En el colmo del absurdo, Woody Allen pretendía que la película se titulara Anhedonia, un catafalco que desde luego no provocaba ningún placer a sus productores. Se impuso el criterio mercantil, y el epígrafe pasó a Anniedonia y recaló en Annie Hall, cediendo el protagonismo a una actriz influyente pero también imponente. Diannie Keaton, definida hasta el Oscar por una película.

Es correcto concluir que Woody Allen es un genio porque tuvo a Keaton a su costado. Rompieron, y en Mia Farrow cabe hablar de una degeneración todavía irresuelta. En la era de la exageración, la actriz independiente que se impuso la infelicidad para sortear la claudicación no ha recibido una despedida a su altura.

Aunque sea una herejía, ni El padrino ni Annie Hall adquieren la relevancia de Buscando al señor Goodbar, con un asunto que solo se adelantó medio siglo a la era Tinder. Fue rodada el mismo año que Annie Hall. Retrató y mató a la mujer sola, que no advierte contradicción en tomar las riendas de su destino por encima de las convenciones morales. Recupera la actualidad, porque también hoy tendría problemas con el neopuritanismo.

Una película deja huella cuando recuerdas perfectamente el cine en que la viste. Ocurre con Mister Goodbar y sobre todo con Reds, la obra maestra de Warren Beatty transformado en el periodista John Reed. Por desgracia, Jack Nicholson le roba la novia y sobre todo la película en un par de escenas como Eugene O’Neill. El intercambio de cartas entre la librepensadora Louise Bryant y el protagonista vale toda la historia del cine, se precisa una notable insensibilidad para no derrumbarse emocionalmente.

Librepensadora como en Reds, libertina como en Mr. Goodbar, liberal agente doble en La chica del tambor, tal vez la mejor y por ello no tan valorada novela de espionaje de John le Carré. Vestida de sí misma, como el Richard Gere a quien se cruzaba en la barra de un bar solitario.

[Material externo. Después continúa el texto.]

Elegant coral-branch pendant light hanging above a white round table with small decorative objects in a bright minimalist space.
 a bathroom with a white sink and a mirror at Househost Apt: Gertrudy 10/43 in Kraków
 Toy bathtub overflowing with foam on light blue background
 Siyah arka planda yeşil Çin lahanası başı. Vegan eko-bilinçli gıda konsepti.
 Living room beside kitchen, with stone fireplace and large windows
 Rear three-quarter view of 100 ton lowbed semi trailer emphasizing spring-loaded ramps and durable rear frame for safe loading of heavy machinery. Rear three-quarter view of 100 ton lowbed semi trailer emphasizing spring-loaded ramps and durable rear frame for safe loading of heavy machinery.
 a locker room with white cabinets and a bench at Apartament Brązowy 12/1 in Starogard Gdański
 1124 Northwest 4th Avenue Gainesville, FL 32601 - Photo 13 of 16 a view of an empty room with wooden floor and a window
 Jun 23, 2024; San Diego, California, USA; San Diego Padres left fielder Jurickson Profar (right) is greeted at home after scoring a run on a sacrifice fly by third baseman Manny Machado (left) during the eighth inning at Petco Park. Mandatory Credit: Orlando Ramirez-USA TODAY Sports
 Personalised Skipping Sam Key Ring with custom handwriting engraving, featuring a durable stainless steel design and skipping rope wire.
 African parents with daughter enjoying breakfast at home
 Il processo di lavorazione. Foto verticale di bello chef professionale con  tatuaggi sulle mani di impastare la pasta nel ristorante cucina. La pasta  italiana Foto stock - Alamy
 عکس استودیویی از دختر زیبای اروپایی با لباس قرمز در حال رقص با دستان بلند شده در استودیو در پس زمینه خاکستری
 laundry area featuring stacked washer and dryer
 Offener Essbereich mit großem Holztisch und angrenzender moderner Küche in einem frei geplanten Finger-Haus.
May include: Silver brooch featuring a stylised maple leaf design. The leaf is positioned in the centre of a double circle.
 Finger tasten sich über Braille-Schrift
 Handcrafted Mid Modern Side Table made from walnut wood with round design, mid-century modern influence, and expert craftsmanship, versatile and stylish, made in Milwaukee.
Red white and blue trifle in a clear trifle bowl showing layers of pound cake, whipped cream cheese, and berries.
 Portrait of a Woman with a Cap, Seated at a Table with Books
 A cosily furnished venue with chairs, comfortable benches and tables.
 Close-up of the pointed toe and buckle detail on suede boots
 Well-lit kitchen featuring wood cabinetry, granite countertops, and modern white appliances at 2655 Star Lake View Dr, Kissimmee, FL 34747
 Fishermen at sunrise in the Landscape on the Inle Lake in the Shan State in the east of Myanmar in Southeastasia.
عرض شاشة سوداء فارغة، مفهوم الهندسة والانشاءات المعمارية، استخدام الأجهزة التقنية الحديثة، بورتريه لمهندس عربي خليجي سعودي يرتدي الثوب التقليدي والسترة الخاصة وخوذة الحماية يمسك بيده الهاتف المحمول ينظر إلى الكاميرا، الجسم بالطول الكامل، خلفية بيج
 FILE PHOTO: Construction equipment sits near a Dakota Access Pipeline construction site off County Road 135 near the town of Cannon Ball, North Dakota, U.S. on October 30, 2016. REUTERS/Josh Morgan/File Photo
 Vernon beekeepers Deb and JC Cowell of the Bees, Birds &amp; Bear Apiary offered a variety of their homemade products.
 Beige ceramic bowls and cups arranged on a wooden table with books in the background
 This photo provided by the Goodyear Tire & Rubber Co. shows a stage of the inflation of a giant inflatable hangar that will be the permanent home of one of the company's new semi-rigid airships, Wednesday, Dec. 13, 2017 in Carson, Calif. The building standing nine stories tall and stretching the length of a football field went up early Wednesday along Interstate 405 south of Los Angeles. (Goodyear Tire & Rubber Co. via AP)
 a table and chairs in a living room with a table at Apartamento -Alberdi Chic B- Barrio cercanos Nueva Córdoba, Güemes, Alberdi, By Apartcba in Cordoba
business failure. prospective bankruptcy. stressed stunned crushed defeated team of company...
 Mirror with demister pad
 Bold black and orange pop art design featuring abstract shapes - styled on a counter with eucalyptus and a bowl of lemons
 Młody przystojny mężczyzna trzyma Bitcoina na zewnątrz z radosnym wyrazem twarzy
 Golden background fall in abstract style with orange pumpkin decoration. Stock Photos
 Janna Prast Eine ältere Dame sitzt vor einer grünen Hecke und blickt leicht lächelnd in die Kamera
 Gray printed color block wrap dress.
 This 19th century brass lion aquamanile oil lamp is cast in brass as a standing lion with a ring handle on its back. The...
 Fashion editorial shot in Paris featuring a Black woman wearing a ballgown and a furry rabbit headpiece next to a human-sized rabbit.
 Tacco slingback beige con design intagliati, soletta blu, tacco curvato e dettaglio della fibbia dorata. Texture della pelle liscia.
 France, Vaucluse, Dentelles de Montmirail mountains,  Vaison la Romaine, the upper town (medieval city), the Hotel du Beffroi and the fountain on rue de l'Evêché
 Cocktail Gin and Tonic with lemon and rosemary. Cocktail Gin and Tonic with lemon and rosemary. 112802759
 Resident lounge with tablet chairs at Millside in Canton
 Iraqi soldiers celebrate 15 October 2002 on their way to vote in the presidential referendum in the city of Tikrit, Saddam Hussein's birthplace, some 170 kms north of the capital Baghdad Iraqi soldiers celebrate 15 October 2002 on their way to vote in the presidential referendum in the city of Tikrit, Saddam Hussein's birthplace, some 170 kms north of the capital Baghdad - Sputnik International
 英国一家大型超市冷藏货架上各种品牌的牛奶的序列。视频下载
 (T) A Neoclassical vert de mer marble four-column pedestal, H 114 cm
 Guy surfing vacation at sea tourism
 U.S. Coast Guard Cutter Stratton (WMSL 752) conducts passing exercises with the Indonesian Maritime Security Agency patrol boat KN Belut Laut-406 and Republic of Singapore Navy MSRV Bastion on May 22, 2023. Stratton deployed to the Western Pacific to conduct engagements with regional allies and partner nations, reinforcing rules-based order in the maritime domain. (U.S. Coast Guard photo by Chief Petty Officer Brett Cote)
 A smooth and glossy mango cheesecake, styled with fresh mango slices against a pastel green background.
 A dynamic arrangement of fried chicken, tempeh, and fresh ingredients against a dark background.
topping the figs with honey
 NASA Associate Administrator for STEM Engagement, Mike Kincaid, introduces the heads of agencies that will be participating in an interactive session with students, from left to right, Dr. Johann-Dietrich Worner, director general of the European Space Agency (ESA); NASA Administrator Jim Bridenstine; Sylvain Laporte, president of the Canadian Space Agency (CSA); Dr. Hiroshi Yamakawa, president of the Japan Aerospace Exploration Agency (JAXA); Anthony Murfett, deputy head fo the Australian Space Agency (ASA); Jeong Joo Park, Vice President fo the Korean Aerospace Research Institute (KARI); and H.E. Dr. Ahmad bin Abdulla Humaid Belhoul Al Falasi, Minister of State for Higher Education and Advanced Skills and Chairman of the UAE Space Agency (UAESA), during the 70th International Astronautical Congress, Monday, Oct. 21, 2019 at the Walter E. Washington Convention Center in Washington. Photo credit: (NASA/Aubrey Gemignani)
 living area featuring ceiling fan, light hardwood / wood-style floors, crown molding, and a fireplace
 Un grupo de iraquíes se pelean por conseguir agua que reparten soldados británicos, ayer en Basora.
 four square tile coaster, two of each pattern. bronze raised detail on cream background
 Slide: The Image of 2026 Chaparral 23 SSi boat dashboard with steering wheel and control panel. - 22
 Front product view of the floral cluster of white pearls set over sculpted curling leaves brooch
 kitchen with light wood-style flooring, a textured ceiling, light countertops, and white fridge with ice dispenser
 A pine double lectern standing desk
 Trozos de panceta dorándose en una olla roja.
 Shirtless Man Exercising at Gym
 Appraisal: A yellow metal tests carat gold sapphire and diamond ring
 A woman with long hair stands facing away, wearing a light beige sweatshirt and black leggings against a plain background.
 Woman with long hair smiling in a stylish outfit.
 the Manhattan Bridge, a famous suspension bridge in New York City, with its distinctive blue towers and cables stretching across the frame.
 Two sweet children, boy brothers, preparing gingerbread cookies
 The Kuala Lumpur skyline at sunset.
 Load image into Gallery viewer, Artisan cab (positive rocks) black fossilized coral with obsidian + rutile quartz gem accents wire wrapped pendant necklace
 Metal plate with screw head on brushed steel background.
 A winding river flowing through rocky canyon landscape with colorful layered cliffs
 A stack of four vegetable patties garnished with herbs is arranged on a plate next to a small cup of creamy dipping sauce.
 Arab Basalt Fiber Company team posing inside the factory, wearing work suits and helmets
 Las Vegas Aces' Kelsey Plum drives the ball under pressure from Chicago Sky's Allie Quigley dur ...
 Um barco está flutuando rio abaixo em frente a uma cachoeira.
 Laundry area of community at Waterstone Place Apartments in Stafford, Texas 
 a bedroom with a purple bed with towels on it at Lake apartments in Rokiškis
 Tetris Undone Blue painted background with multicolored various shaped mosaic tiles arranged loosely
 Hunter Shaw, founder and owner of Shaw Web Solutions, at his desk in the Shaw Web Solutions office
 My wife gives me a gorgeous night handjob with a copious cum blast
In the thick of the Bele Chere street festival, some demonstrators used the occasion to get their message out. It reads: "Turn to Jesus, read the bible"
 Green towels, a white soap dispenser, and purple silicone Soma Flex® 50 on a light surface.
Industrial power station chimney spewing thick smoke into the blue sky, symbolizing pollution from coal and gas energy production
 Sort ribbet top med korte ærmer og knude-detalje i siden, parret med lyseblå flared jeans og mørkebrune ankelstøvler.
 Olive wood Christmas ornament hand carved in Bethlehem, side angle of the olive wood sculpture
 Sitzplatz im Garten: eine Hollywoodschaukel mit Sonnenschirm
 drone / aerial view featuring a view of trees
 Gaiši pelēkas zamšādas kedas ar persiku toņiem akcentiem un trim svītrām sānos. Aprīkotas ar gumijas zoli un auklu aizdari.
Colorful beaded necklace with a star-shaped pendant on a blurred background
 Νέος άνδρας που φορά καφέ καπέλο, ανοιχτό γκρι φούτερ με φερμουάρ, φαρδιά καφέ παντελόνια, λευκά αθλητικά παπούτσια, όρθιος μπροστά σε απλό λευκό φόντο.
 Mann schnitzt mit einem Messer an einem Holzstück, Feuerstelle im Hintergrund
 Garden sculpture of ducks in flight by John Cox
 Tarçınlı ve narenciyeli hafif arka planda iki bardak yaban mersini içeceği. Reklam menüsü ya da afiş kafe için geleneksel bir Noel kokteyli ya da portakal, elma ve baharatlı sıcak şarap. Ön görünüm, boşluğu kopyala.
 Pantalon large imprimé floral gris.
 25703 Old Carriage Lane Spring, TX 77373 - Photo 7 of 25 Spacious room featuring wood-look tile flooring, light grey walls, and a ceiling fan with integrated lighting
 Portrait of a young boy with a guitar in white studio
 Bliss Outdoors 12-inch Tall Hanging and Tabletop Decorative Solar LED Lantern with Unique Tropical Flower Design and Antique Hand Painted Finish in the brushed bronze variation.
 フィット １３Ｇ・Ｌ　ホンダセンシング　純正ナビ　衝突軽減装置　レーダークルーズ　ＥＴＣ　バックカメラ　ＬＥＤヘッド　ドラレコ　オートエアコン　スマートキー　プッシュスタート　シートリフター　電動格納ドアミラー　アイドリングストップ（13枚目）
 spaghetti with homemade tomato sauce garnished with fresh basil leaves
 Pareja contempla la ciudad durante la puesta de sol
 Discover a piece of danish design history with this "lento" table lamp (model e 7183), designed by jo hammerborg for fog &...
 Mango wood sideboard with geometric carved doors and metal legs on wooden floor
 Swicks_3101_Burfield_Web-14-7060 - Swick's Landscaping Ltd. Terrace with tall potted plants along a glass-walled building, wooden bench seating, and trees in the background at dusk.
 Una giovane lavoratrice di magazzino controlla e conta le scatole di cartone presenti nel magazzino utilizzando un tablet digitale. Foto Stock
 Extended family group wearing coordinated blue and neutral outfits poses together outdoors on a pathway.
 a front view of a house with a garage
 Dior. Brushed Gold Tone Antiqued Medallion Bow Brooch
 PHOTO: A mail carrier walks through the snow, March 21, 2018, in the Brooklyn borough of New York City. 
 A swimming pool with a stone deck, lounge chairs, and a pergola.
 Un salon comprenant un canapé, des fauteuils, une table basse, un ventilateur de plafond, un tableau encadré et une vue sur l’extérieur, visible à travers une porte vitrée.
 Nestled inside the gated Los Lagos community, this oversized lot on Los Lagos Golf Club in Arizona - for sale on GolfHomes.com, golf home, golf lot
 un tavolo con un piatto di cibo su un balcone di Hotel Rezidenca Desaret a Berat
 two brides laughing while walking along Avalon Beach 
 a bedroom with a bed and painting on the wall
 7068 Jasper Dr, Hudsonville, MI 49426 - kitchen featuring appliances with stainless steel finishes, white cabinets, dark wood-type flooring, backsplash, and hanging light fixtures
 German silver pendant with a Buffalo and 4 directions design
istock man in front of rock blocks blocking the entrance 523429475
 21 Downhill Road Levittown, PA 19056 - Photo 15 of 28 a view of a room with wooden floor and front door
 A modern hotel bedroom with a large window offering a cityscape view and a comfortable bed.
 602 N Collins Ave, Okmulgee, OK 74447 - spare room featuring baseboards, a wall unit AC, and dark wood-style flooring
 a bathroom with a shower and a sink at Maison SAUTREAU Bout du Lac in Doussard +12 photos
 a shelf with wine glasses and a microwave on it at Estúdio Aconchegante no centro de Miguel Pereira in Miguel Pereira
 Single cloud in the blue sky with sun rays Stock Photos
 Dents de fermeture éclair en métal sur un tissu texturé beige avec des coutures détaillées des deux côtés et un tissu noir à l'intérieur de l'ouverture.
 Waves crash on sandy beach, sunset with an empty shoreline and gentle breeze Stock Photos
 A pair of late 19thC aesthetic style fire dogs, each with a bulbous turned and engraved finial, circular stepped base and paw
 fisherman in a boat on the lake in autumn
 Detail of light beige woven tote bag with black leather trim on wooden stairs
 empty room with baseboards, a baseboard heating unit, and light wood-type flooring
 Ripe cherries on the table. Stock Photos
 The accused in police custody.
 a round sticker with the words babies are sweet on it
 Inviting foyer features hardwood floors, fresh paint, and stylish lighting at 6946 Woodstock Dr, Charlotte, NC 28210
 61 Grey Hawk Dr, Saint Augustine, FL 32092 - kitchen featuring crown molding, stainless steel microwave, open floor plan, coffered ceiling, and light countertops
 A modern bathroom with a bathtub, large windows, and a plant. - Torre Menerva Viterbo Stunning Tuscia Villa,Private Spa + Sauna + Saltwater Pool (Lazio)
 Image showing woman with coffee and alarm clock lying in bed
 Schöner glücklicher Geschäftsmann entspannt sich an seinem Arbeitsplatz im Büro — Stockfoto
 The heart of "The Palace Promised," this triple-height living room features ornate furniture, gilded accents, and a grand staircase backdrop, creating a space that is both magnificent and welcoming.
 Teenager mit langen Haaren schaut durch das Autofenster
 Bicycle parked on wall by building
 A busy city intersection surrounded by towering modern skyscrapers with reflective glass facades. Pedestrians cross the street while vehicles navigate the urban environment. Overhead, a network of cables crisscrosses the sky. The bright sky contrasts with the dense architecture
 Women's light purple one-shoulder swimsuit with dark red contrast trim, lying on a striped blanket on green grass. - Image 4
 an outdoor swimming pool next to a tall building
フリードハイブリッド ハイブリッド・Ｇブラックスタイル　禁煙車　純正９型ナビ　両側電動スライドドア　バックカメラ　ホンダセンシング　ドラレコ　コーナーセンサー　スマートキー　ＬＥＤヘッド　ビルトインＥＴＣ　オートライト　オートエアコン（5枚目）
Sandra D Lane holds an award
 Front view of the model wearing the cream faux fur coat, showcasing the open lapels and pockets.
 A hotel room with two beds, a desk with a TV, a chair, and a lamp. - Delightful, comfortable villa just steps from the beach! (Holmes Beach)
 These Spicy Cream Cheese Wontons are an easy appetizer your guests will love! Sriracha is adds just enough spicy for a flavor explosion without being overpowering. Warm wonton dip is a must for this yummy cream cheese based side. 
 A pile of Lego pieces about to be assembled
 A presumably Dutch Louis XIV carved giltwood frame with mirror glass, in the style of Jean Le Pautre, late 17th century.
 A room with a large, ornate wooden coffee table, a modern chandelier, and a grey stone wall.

Keaton asusta, piensas que se necesita la labia exuberante de Woody Allen para concederle una réplica a su altura. De ahí el impacto de su segundo enfrentamiento con Jack Nicholson en una película de título inaceptable, Cuando menos te lo esperas. La actriz ahora fallecida tomaba las riendas de una comedia romántica para vengarse de décadas de supremacismo del hombre blanco. Amanda Peet debía recoger el testigo, con menos éxito incluso que Emily Blunt.

En Cuando menos te lo esperas, la pareja de Keaton con el marmóreo Keanu Reeves era tan creíble que ambos merecen que fuera cierta la convicción de que trasladaron sus papeles a la cara oculta de la ficción, que se llama realidad. Diannie Hall, reinó en la pantalla sin someterse a sus exigencias.